▶ The problem
No line before the one holding "Acropolis Hotel Пазарджик Экстерьер фото" is to be copied; that line and all after it, through the end of the listing, are returned exactly, minus pictures.

::::::::

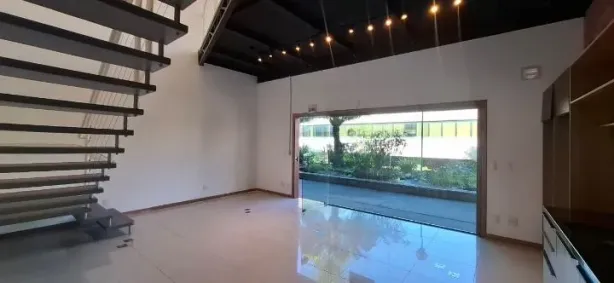 Sala Comercial para alugar, 190m² no João Paulo, Florianópolis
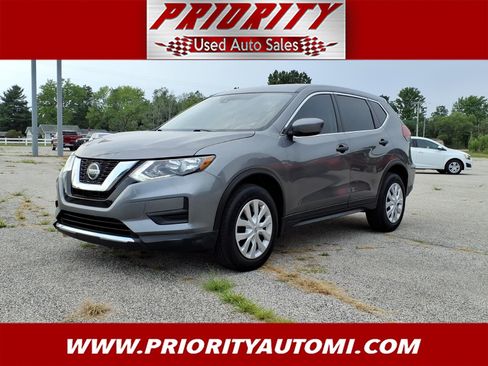 Used 2019 Nissan Rogue S AWD/4WD image 1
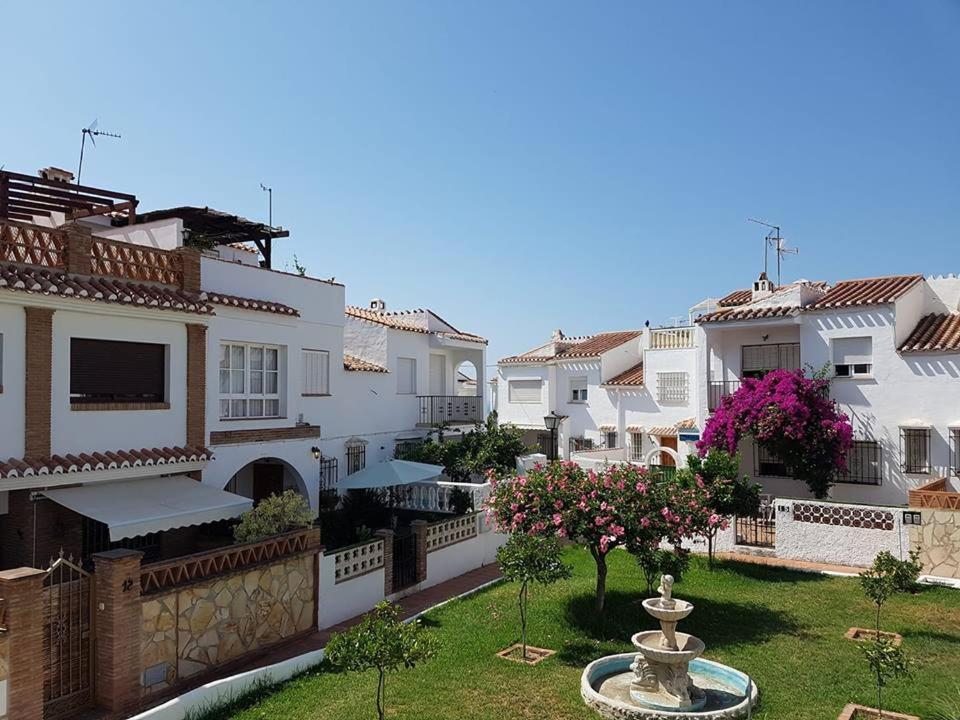 B&B Nerja Bagian luar foto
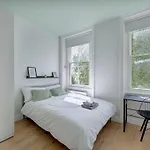 Kensington Gardens Studio - 14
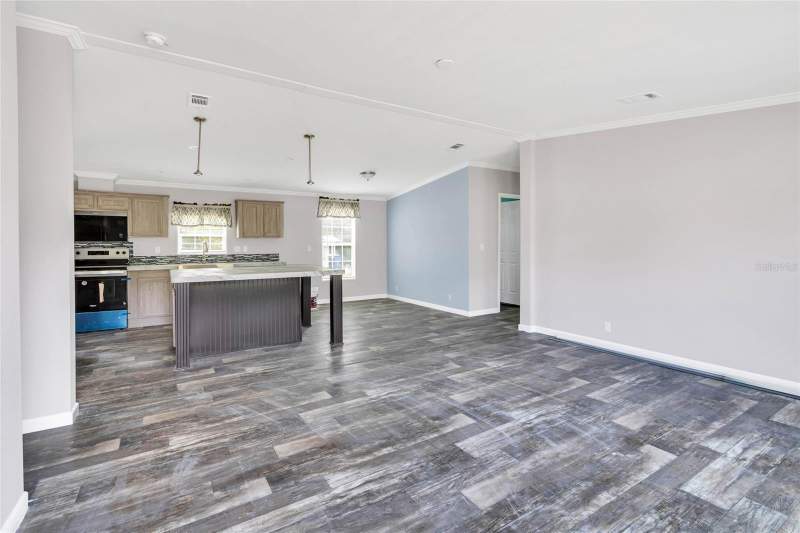 3 bedroom Manufactured Home at 3264 Stephens Boulevard, Weeki Wachee Acres, Spring Hill — photo 3
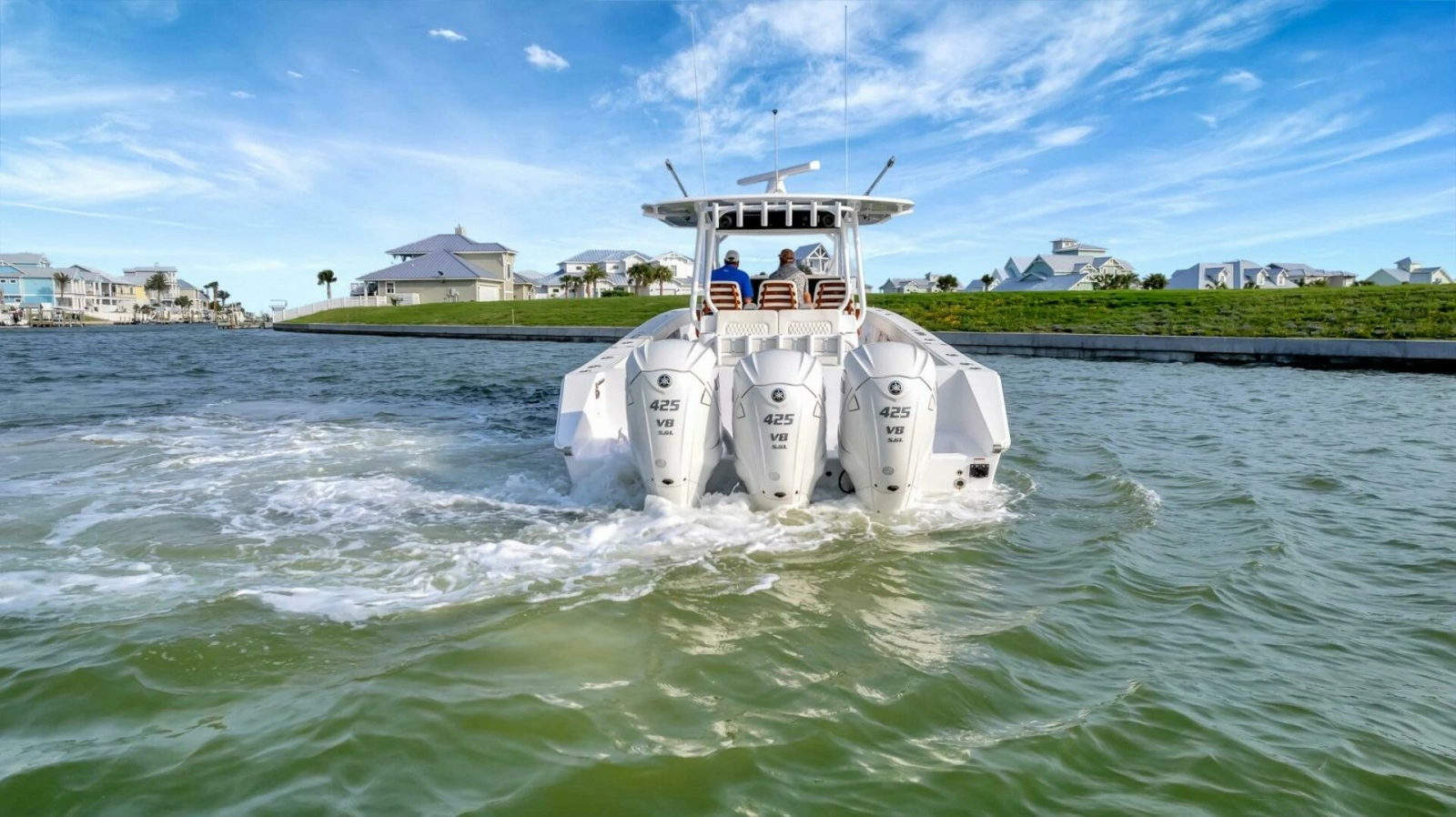 2023 Jupiter 43 Center Console 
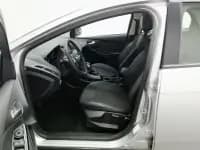 Ford Focus 2012 Sedan 1.6L Automatic Fashion Edition — миниатюра 10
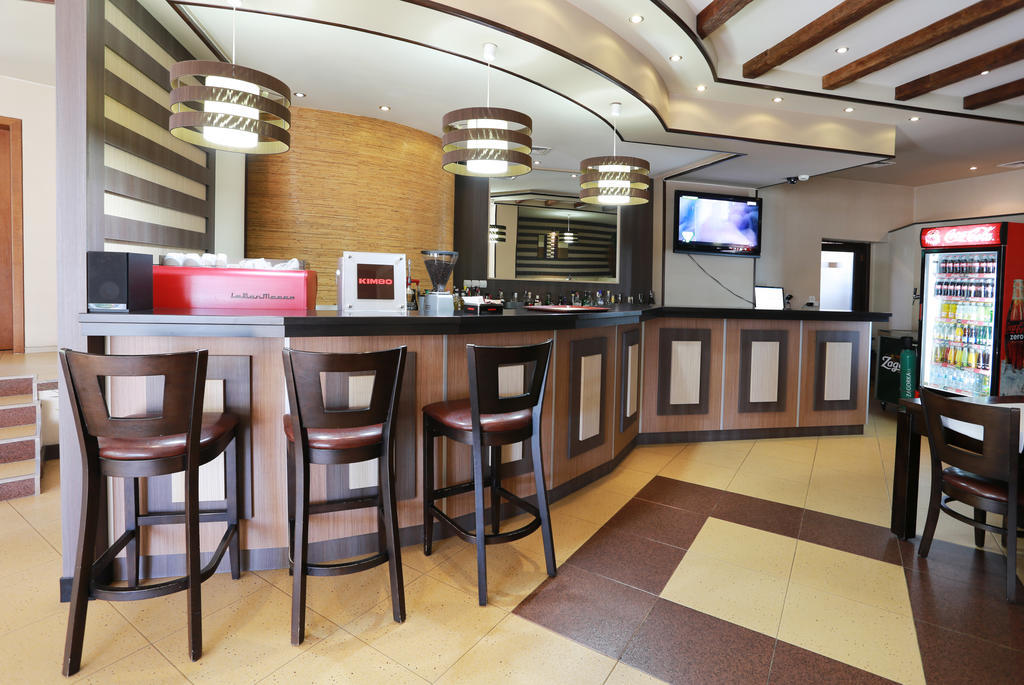 Acropolis Hotel Пазарджик Экстерьер фото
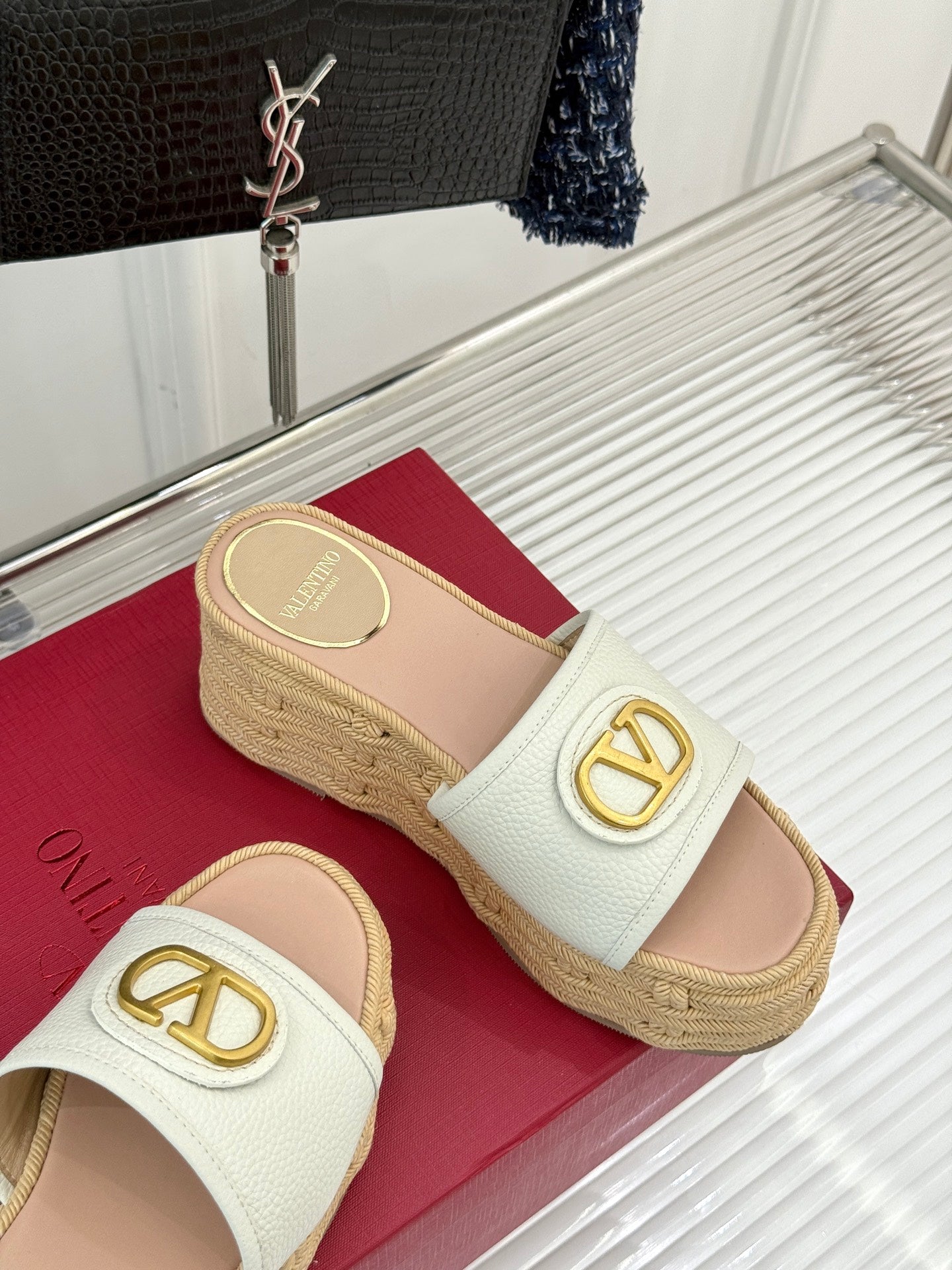 LuxluxHouse Best Quality Valentino Women Shoes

::::::::

▶ Written reply
 Acropolis Hotel Пазарджик Экстерьер фото
 LuxluxHouse Best Quality Valentino Women Shoes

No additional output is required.